Overall survival (OS) with oral selinexor plus low dose dexamethasone (Sd) in patients with triple class refractory-multiple myeloma (TCR-MM).

Abstract

8014 Background: TCR-MM is defined as being refractory to immunomodulatory agents, proteasome inhibitors, and anti-CD38 mAbs, representing an urgent unmet medical need with a median OS of 3-5 months( Pick M et al, Eur J Haem 2018; Gandhi U et al, ASH 2018). Sd has shown a 26.2% overall response rate (ORR) in 122 patients (pts) with TCR-MM in the Phase 2b STORM study ( Chari A et al, ASH 2018). Here, we evaluate the OS of pts in the STORM study with Sd and in pts with bortezomib, carfilzomib, lenalidomide, pomalidomide, and daratumumab (“penta”)-exposed, TCR-MM from an observational cohort not receiving Sd. Methods: Data were drawn from STORM and a retrospective cohort from the nationally representative Flatiron Health Analytic Database (FHAD). All pts from both sources had penta-exposed TCR-MM. In order to align study populations, OS was evaluated in pts in STORM whose first therapy after their MM reached TCR status was Sd and in pts in the FHAD who received ≥1 therapy after their MM reached TCR status. The index date for this evaluation was the start date of treatment after their MM reached TCR status. A Cox proportional hazards regression model was performed to assess the survival impact of Sd. In STORM, ORR was assessed by an Independent Review Committee based on IMWG criteria. Results: In the FHAD, 69 pts with TCR-MM were identified. Characteristics of the two groups of pts were similar, except that pts in STORM were more heavily pretreated, had a higher frequency of high-risk MM, a longer time since initial diagnosis of MM, and higher baseline hemoglobin and platelet values.

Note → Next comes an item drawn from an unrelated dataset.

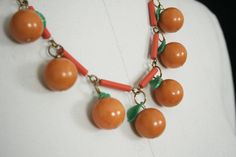 "vintage bakelite necklace luxurious statement piece celluloid chain w. dangling charms luminous orange bakelite all original - w. hook clasp closure spectacular piece - highly collectible circa 1940's condition: very good + minimal wear doesn't distract from overall impact measures: necklace length: approx. 20\" long ( measured flat & open ) feel free to ask any questions - happy to help item is vintage & in used condition layaway is available ! message for more details" Handmade Retro Bakelite Jewelry, Vintage Handmade Orange Necklace, Golden Fruit, Bakelite Necklace, Oddly Specific, Bakelite Jewelry, Necklace Orange, Lucite Jewelry, Machine Age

Among the 122 pts in STORM, 64 received Sd as their first therapy after their MM became TCR, and ORR was 32.8%. Among the 69 pts from FHAD, 37 received ≥1 therapy after their MM became TCR. Median OS (N = 64) was 10.4 months for pts receiving Sd in STORM and 5.2 months (N = 37) for pts not receiving Sd in FHAD (HR = 0.49, p = 0.0241). Conclusions: The prognosis of TCR-MM in the real-world population appears very poor. Within the limits of this analysis, median OS of pts receiving Sd as their first therapy after their MM becomes TCR is significantly better than those not receiving Sd, suggesting that Sd may be associated with an OS benefit in pts with TCR-MM. Clinical trial information: NCT02336815.